## Available data
[Start of Attachment]

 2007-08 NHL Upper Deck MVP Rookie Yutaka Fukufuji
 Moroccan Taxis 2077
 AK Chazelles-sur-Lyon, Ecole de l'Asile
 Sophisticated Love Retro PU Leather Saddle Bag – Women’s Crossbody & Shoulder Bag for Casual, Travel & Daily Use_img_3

[End of Attachment]
[Start of Attachment]

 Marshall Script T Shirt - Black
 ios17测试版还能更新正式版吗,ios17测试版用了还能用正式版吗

[End of Attachment]
[Start of Attachment]

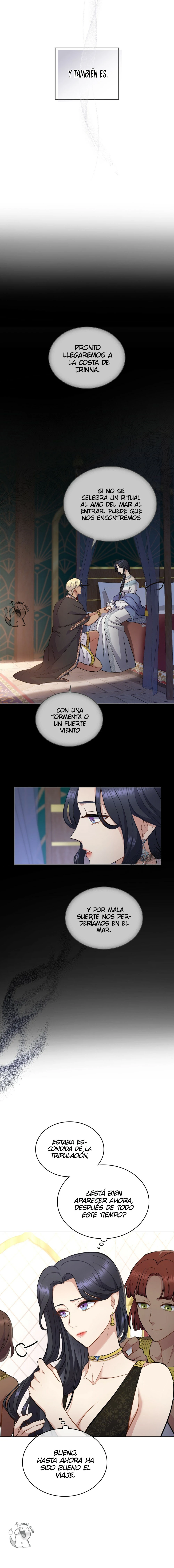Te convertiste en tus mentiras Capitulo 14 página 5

[End of Attachment]

## Aim of the exercise
Would you output, from the records above, exactly the run of lines that starts at the line containing "AK Chazelles-sur-Lyon, Ecole de l'Asile" and ends at the line containing "Sophisticated Love Retro", and only that run?

## Task output
 AK Chazelles-sur-Lyon, Ecole de l'Asile
 Sophisticated Love Retro PU Leather Saddle Bag – Women’s Crossbody & Shoulder Bag for Casual, Travel & Daily Use_img_3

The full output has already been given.